In Mayo Collaborative Services v. Prometheus Labs., Inc., 132 S. Ct. 1289 (2012), the Supreme Court articulated a two-part analytical framework for determining whether a claim is patent-eligible under 35 U.S.C. § 101 (the “Mayo-test”). Mayo dealt with laws of nature and natural phenomena, two of the three judicial exceptions to patent-eligibility. In Alice Corp. Pty. Ltd. v. CLS Bank Int’l, 134 S. Ct. 2347 (2014), the Supreme Court applied the Mayo-test to abstract ideas, the third of the three judicial exceptions.

“First, we determine whether the claims at issue are directed to one of those patent-ineligible concepts. If so, we then ask, ‘what else is there in the claims before us?’” 134 S. Ct. at 2355. In Mayo, the Supreme Court established the principle underlying eligibility as whether a claim “forecloses more future invention than the underlying discovery could reasonably justify.” 132 S. Ct. at 1301. In Alice, the Supreme Court confirmed that preemption is “the concern that drives this exclusionary principle.” 134 S. Ct. at 2354. In short, patents “that integrate the building blocks [of human ingenuity] into something more … pose no comparable risk of pre-emption, and therefore remain eligible for the monopoly granted under our patent laws.” 134 S. Ct. at 2355, citing 132 S. Ct. at 1303.

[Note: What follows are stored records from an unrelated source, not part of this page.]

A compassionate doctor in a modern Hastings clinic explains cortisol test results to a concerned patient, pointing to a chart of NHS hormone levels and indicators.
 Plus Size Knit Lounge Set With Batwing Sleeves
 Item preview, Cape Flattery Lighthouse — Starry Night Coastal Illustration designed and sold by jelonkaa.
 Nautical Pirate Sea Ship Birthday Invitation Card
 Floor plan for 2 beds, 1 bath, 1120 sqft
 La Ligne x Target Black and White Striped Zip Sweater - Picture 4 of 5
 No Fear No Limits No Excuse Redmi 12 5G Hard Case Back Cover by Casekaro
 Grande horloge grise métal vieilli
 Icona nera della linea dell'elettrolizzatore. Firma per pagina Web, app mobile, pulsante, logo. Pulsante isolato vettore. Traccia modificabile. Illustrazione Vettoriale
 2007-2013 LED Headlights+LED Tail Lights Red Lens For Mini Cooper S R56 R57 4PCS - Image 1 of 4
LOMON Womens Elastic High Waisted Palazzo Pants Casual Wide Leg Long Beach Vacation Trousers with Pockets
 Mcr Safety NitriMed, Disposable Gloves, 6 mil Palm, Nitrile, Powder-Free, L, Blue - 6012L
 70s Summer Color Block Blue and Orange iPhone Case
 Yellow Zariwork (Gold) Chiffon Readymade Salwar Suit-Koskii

Although Alice dealt with software, Alice was not about software per se. Instead, it was about the patent-eligibility of an invention encompassing an abstract idea, regardless of whether the abstract idea is implemented in software. An example of this is Ex Parte Edward L. Palmer, Appeal 2012-003262, February 26, 2015 (2015 WL 933401), in which the PTAB upheld claims directed to “a poker game method of play” as patent-eligible under Alice.

Alice has changed the landscape for prosecutors and litigators alike. Since the decision, courts have struggled with identifying abstract ideas, as well as the “something more” required to meet part two of the test. With respect to Internet-based, software-implemented inventions, DDR Holdings, LLC v. Hotels.com, L.P., 773 F.3d 1245 (Dec. 5, 2014) is the water-mark for patent-eligibility, while Ultramercial, Inc. v. Hulu, LLC, 772 F.3d 709 (Nov. 14, 2014) is the water-mark for patent-ineligibility.